Les récentes mobilisations au Niger contre l’armée française ont montré que les masses populaires et la classe ouvrière nigérienne peuvent ouvrir la voie à une lutte de front contre l’impérialisme français. Une condition à cela n’est autre qu’une intervention réelle de la classe ouvrière et des classes populaires de manière totalement indépendante des intérêts de la junte militaire actuelle.
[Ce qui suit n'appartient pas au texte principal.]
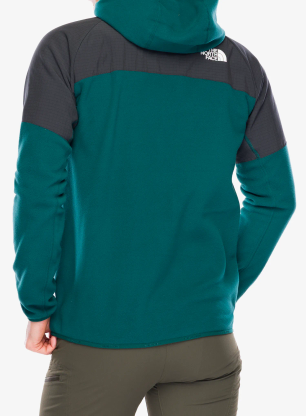 Bluza z kapturem The North Face Glacier Heavyweight Full Zip HD - deep nori/asphalt grey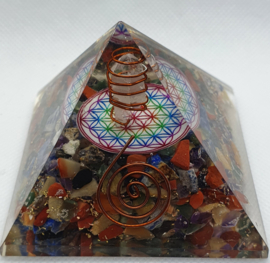 Orgonite Piramide -Multi color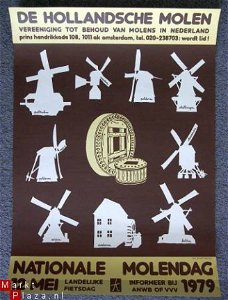 Poster Nationale Molendag 1979 (Affiche)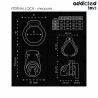 Addicted toys locked - eternal lock jaula para pene 9 cm - 5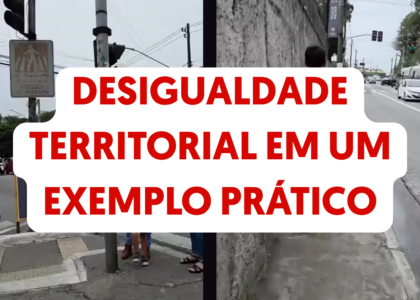 A Desigualdade Territorial em um exemplo prático que recebemos pelo Instagram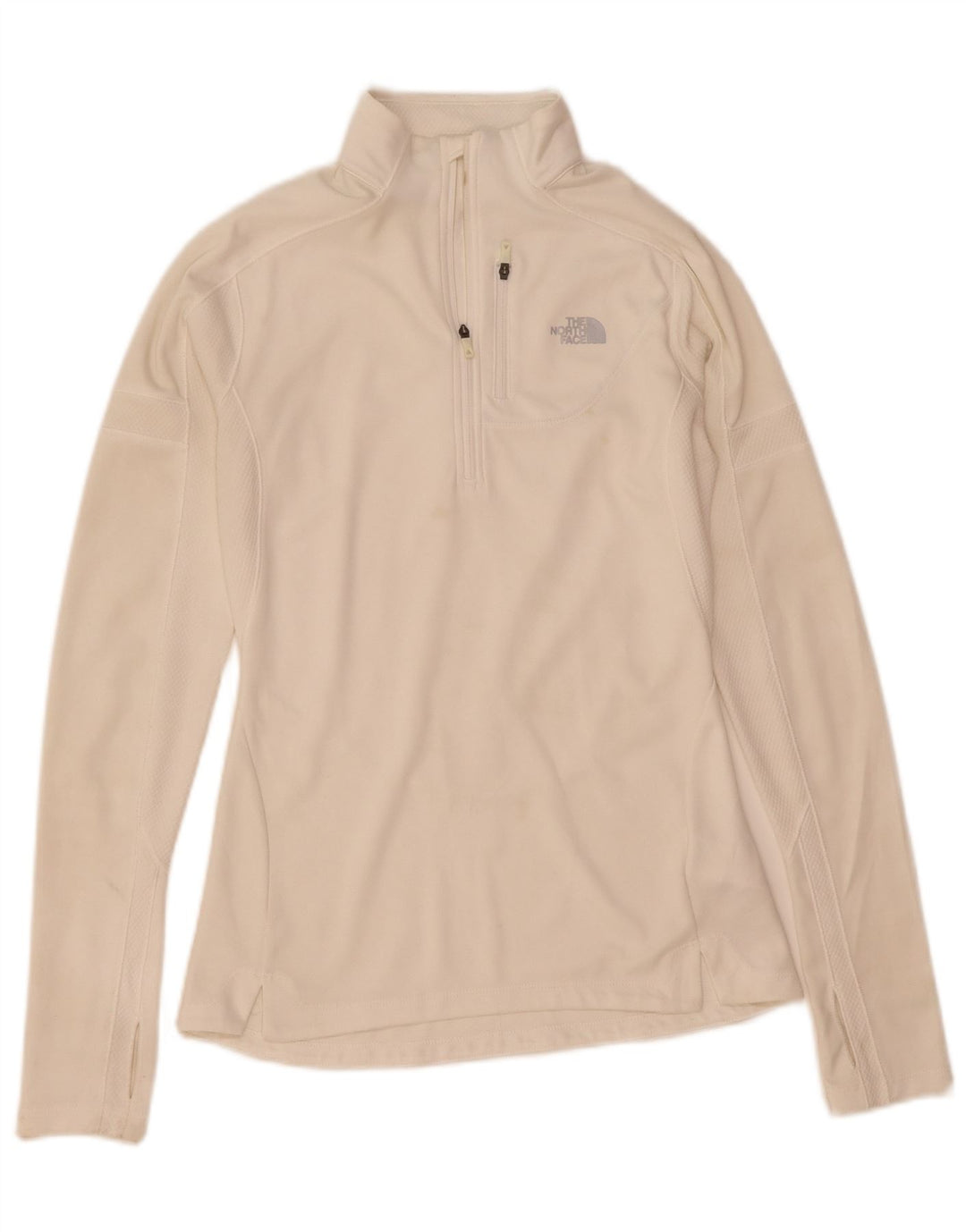 THE NORTH FACE Womens Pullover Tracksuit Top UK 10 Small Off White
La solidarité que pourrait exprimer la classe ouvrière française contre une telle intervention pourrait être un point d’appui essentiel pour en finir avec la Françafrique et ouvrir les voies d’une issue véritablement progressive : la fin de la domination Française, le retrait de toutes les troupes militaires étrangères de la région, l’expropriation de tous les grands groupes économiques et leur mise sous contrôle ouvrier dans les intérêts de la population, le monopole du commerce extérieur, seront entre autres, les critères qui permettraient de conquérir une véritable voie vers l’autodétermination nationale qui ne peut être garantie que dans le cadre d’un gouvernement des travailleurs et d’un État socialiste.